◾Experts say Govt. asked them to advise ‘local commission probing alleged war crimes by all parties to conflict’ ◾‘Coming in with an open mind’: Ex-UN war crimes prosecutor David Crane ◾Foreign advisors to seek clarification on disputed matters from Govt. and Army
Three top international war crimes prosecutors tasked with advising a presidential commission investigating civilian deaths during the war will study the UN Panel of Experts Report and seek clarification from the Government and the military about disputed matters.
“We have been asked by the Government of Sri Lanka to advise a local Commission investigating allegations of war crimes against all parties to the conflict,” Sir Geoffrey Nice, QC told the Daily FT by email yesterday.

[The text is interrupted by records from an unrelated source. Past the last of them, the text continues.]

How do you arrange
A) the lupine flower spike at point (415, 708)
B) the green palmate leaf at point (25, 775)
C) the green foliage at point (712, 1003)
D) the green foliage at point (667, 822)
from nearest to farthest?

The former Deputy Prosecutor at the International Criminal Tribunal for the Former Yugoslavia, who was involved in the Slobodan Milosevic trial, will be one of three international experts advising the Presidential Commission of Inquiry.
“We will, of course, study all material in the public domain and the Report of the UN Panel of experts. We will also seek clarification from the Sri Lankan Government and Army on matters we feel are in dispute,” Sir Geoffrey added.

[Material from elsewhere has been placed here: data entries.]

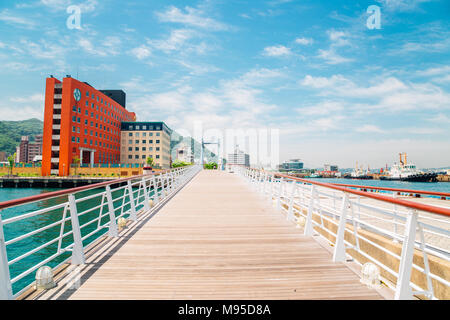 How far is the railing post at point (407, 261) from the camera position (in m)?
2.31

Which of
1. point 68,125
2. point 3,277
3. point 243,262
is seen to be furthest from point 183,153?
point 3,277

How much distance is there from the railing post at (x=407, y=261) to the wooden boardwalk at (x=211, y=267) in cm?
30

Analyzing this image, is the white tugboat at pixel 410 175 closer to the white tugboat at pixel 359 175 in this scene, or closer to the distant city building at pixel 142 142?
the white tugboat at pixel 359 175

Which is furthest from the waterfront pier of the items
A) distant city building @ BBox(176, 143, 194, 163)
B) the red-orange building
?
distant city building @ BBox(176, 143, 194, 163)

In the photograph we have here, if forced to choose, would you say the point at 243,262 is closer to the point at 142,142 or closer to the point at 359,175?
the point at 142,142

Professor David Crane, the former Chief Prosecutor of the UN backed Special Court Sierra Leone told the Daily FT that he was aware of the Sri Lankan civil war and its “challenges and allegations”.

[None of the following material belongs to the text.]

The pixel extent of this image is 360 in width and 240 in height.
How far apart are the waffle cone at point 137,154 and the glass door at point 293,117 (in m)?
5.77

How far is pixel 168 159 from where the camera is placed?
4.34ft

He echoed the sentiments of Sir Geoffrey that the advisors group convened by President Mahinda Rajapaksa would study all material about the allegations currently in the public domain.
“I come into this appointment with an open mind ready to provide my legal advice as appropriate,” Professor Crane said responding to an email from the Daily FT about the advisors’ role in the domestic probe.
Sir Desmond De Silva and Sir Geoffrey Nice, Queens Counsels, and Professor David Crane were appointed by President Rajapaksa last week to offer expert advice to the Presidential Commission on Disappearances.
The three-man Commission led by former High Court Judge Maxwell Paranagama had its mandate has been broadened by Presidential Proclamation, to probe deaths of civilians in the No Fire Zone in 2009 and the conduct of the military during that period of conflict.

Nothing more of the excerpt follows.